Druid brokers locked up after deleting big datasources

Hi everybody,

I am Luca from the Wikimedia foundation’s Analytics team, we are happy users of a cluster of 3 nodes with 0.12.3. This cluster is primarily used to be the backend of a HTTP API that serves a datasource that we call “MediaWiki history reduced”. We re-generate it every month (for complex reasons we are still not able to append new data), and index this data into druid. We end up having monthly “snapshots” (every one having ~4800 files / 220GB on the segments on disk cache for every node), and we periodically drop the older ones via automated scripts. Our procedure to drop the data source is:

  • disable the target datasource via the coordinator’s HTTP API.

  • drop data from deep storage (in our case, HDFS) sending a kill task to the overlord’s API.

The strange thing that happens is that most of the times when the above commands are issued, all the Druid brokers stop serving traffic until they get restarted. We haven’t collected jstack data yet, but I am wondering if this is a known bug/use-case that somebody else already experienced in the past. Our suspicion is that the brokers get stuck on one or more historical slowing down, but we don’t have more ideas about a more precise root cause since we didn’t find anything useful in the logs. As far as we can see when we drop the old datasources there is no traffic coming from the brokers requesting them.

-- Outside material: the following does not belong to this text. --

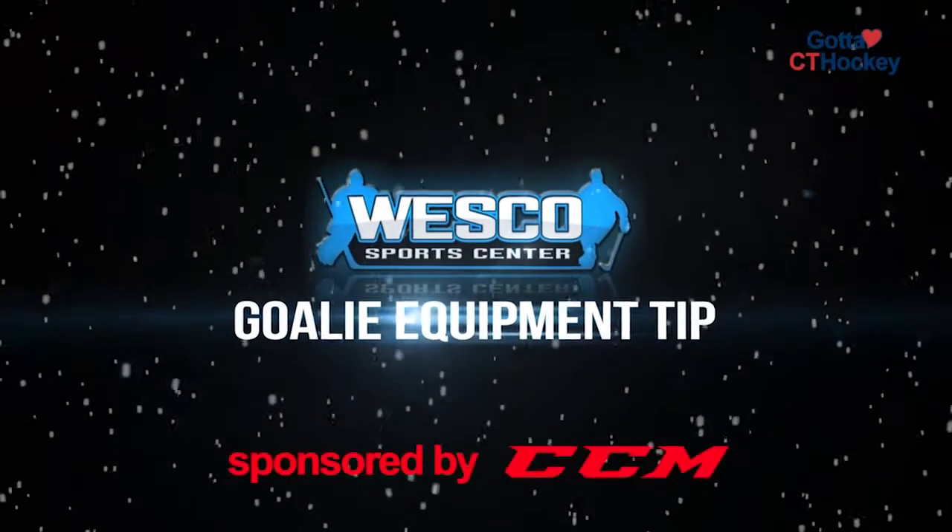Hi, it's Nick from Wesco SportsCenter. This is your CCM Goal Equipment Tip of the Week. This week we're focusing on knee pads.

Our configuration for timeouts is the following (if it helps):

  • broker

druid.broker.http.readTimeout: PT30S

druid.server.http.defaultQueryTimeout: 60000

  • historical

druid.processing.numMergeBuffers: 10

20 Druid http client threads * 3 brokers

druid.server.http.numThreads: 60

druid.historical.cache.useCache: false

druid.historical.cache.populateCache: false

druid.server.http.defaultQueryTimeout: 20000

Any suggestion would be really appreciated :slight_smile:

Thanks in advance,

Luca

Anybody? :slight_smile:

Luca

Hi Luca,

I’m not aware of an existing bug/issue that matches the situation described, would you be able to provide the Broker jstack data when this happens?

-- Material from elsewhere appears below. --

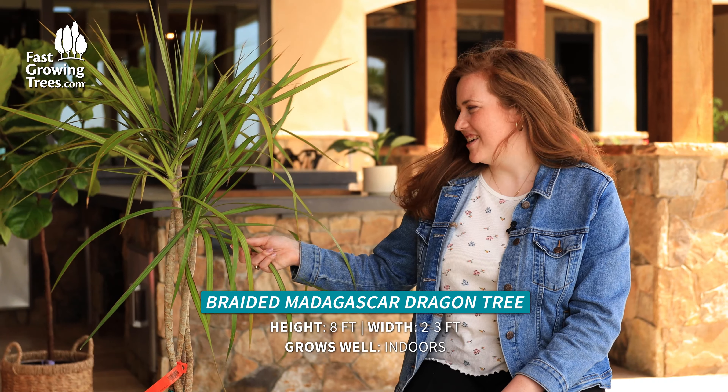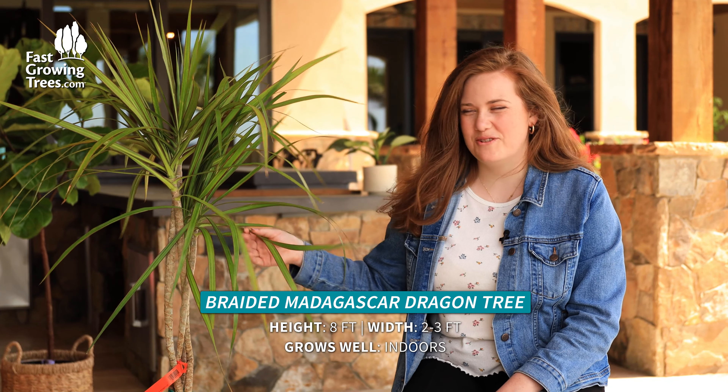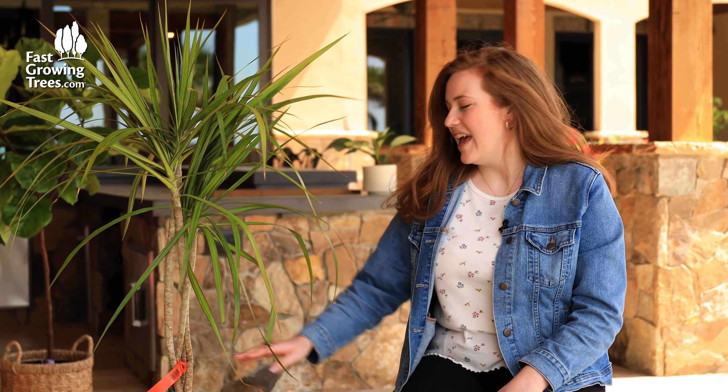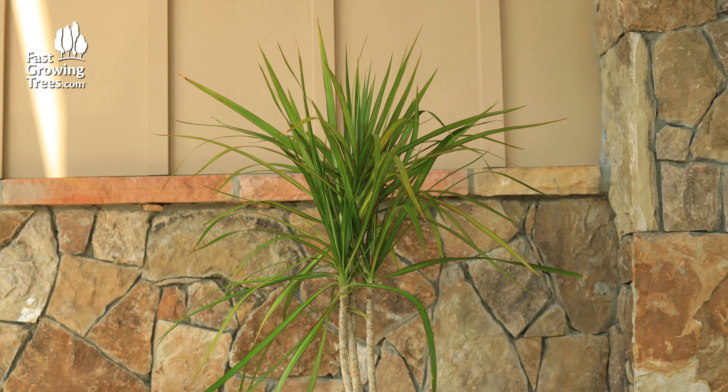Hi, it's Marathon. This is the Braided Dragon Madagascar tree. It has a mouthful of a name, but it's such a cool and unique tree to have in your home. It comes pre-braided, so the trunks — there's actually four of them in this example — are all braided together, so it's a nice floor plant to have in your home.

The broker does maintain a view of what segments are currently being served by historicals, it seems possible that something is breaking/getting stuck due to a large number of segment drops/deletes.

Thanks,

Jon

Hi Jonathan,

thanks a lot for the answer. We tried today to reproduce the scenario
in production, but we weren't able to trigger the same problem. I
didn't think about using jstack before restarting the brokers the last
time until it was too late :frowning:

Luca

How are you deciding dropping the segments? Have you configured retention rules in Druid? it may be an issue with the retention rules and the drop script. If some of your data is still used (and not marked unused by retention rules and you are trying to drop it with the script) then it might create a temporary issue.

So, as a suggestion your script should follow deletion only when segments are marked unused by Druid retention rules.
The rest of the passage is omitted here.